2. You want to paint a clear picture of the true Gospel. – When you live in the midst of a hostile city, you want to live in such a way that you point those around you to the true hope you have in Christ.

Refusing to throw a party because your neighbors might drink distorts the true Gospel.

The Gospel is that God has given you life with him only through his grace worked out by Jesus Christ in his life, death, and resurrection. You did not change your ways so that God would accept you. God accepted you so you could change.

But when you refuse to reach out to your neighbors because they might behave in ways you do not like, you are telling them a different story. You are telling them that you became a Christian because of how good you are.

You are telling them that they need to first change in order for you to accept them as neighbors. A better a picture of the Gospel would be to first accept them into your homes and then call them to the hope that is available in Jesus so they can have the power to change.
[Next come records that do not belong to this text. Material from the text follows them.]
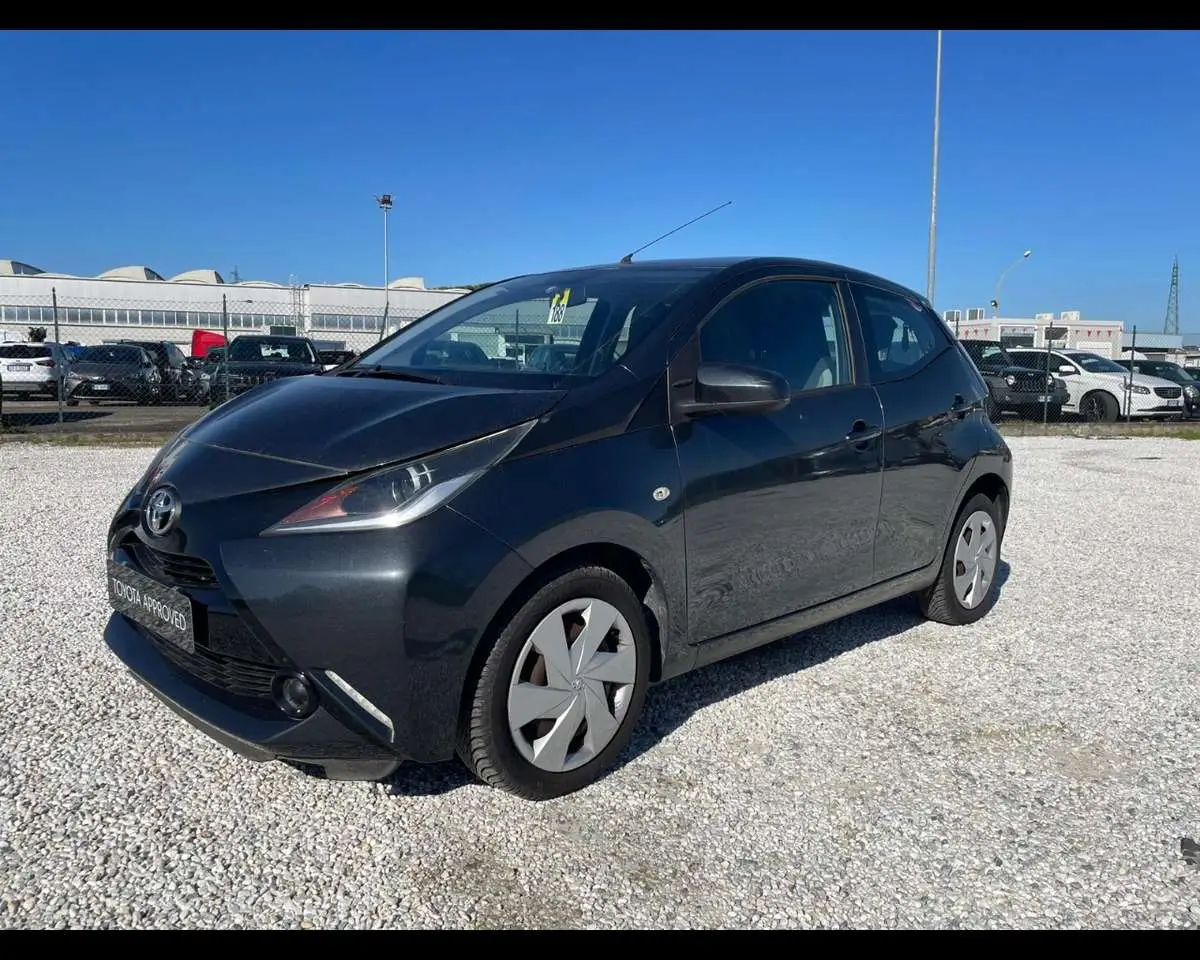 Photo 1 : Toyota Aygo 2015 Petrol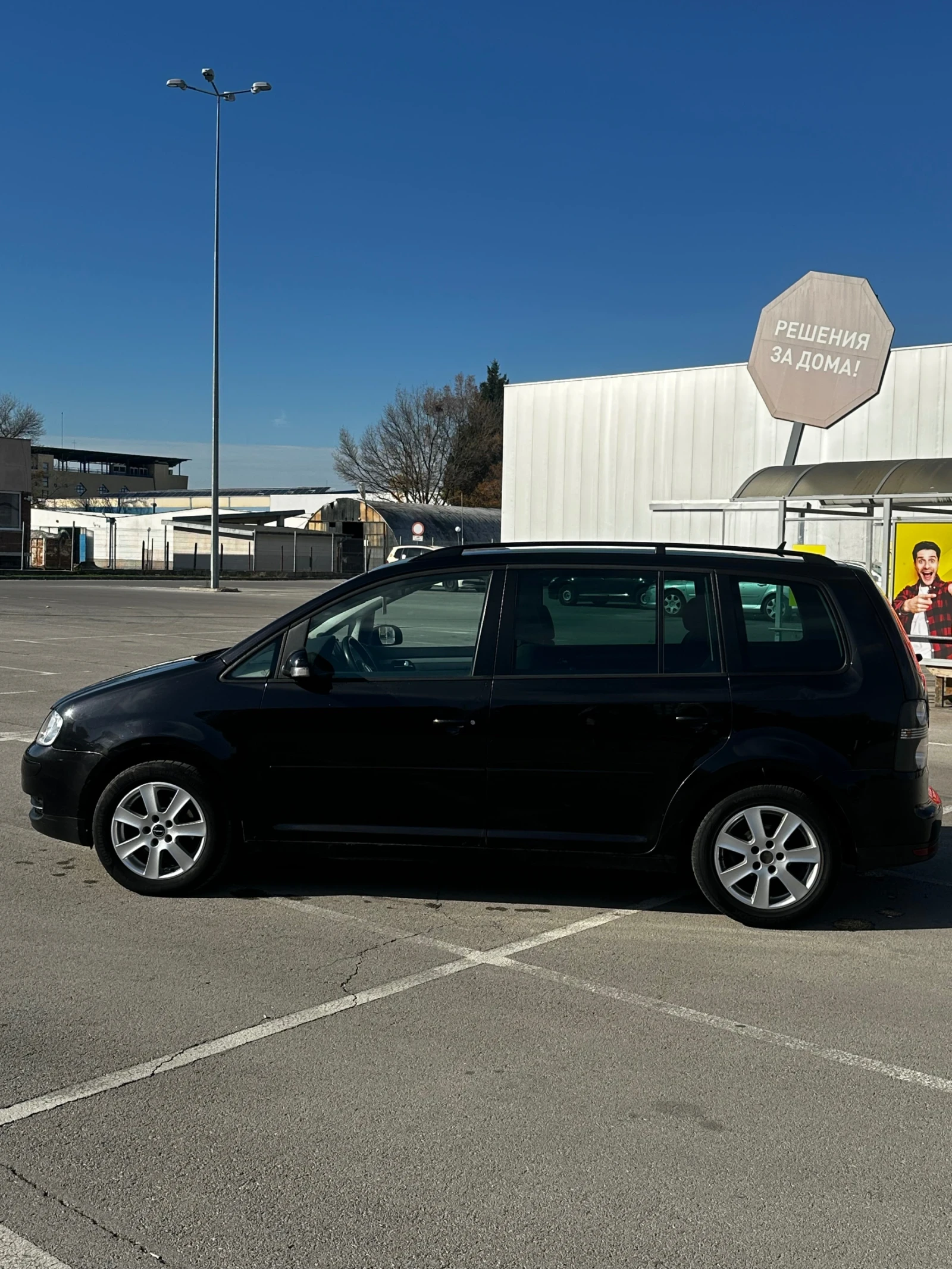 VW Touran DSG 2.0 TDi | Mobile.bg   8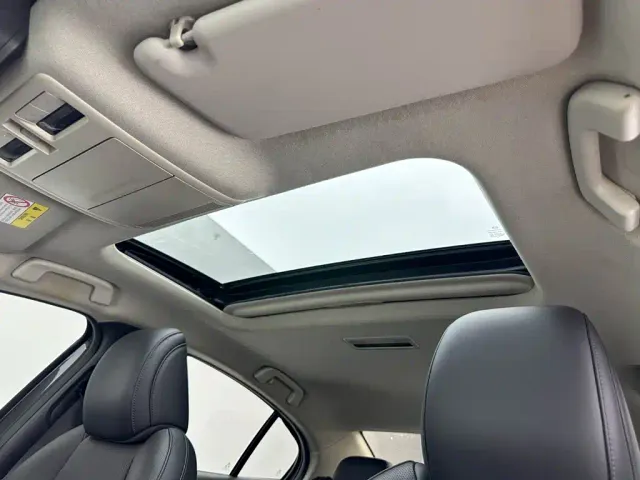 Mazda Axela — Фото автомобиля 13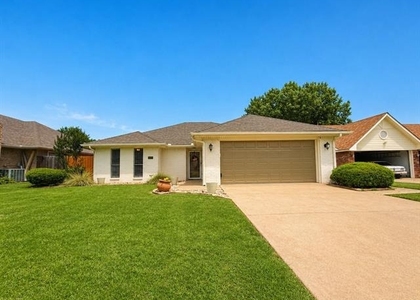 4409 Augusta Circle - Photo 1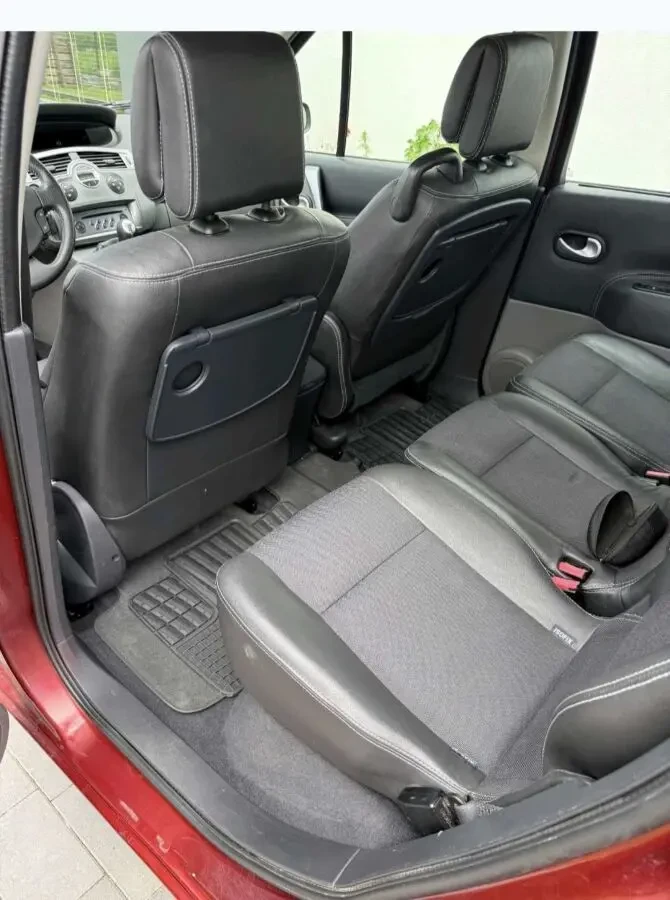 Renault Scenic 1.5 dCi 6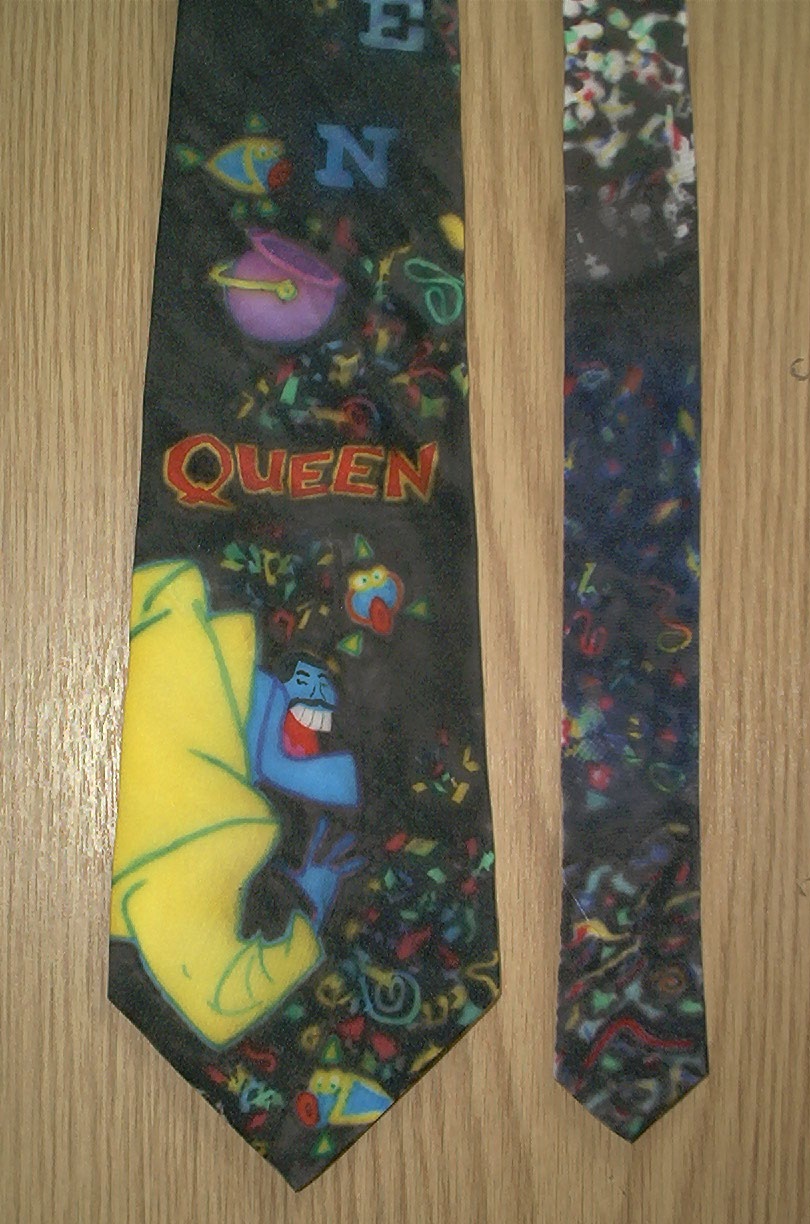 Queen tie.overview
3. You are following the example of Jesus Himself. – Perhaps the best reason you should go ahead and still throw a party even if your neighbors might drink is the fact that it never stopped Jesus.

Jesus’ very first miracle happened at one big party where the alcohol had dried up (Jn 2). Jesus not only went to the wedding even though wine was being served, but he also pursued the good of his neighbors by turning the water into the best wine of the night.

The Bible says the Son of Man came to do three things: 1. to serve and not be served and give his life as a ransom for many (Mk 10:45), 2. to seek and save the lost (Lk 19:10), 3. to come eating and drinking (Mt 11:19).

In fact, the Son of Man came to do so much eating and drinking, the religious leaders and Pharisees called him a drunk and glutton, a friend of tax collectors and sinners. Among other things, this implies that Jesus hung out with sinful people even when they brought their beer. The “religious” couldn’t stand it. How could Jesus pollute his reputation like that?

He did it because he came to serve, he came to rescue, he came to give up his own life for others.

So when you throw a party even if your neighbors might behave in ways you don’t like, you are in good company. You are looking and living like Jesus. That’s a safe place to be.

So while the objection, “But they’ll bring beer,” sounds wise and compelling at first, it is not an objection that I believe excuses one from the need to serve our neighbors by throwing parties and inviting our neighbors in the midst of their brokenness to experience the hope we have in Christ as we pursue the good of our city and neighborhoods.

At the end of the day, we need to let go of excuses. Being a missionary is tough, risky, and uncomfortable. But we can enter that discomfort because of the comfort we have in our Savior who entered the discomforts of our world so that we could be right with God.


One note of clarification: As I said above, the possibility that your neighbors might drink should not stop you from throwing a party for your neighbors in most situations. This is not a universal truth. If you are under 21, you absolutely cannot throw a party where you invite and allow the presence of alcohol. As a believer you are called to follow the laws of your city. In your case refusing the presence of alcohol is what pursuing the good of your city looks like. Another example would be if you, someone in your family, or someone you are trying to reach personally struggles with alcoholism. If you know someone is battling addiction, you want to make sure that you are not putting them in a position to fall into temptation. As believers in Christ, we have freedom – not to a freedom to flaunt but a freedom to give up anything that might hinder a weaker brother who struggles with a specific sin. But all in all, in most situations, it is not appropriate in my opinion to forsake throwing a party for your neighbors just because you’re worried they might want to drink. As missionaries, we’re called to step into the darkness and live as a light that points to the hope we have in Christ – not to withdraw.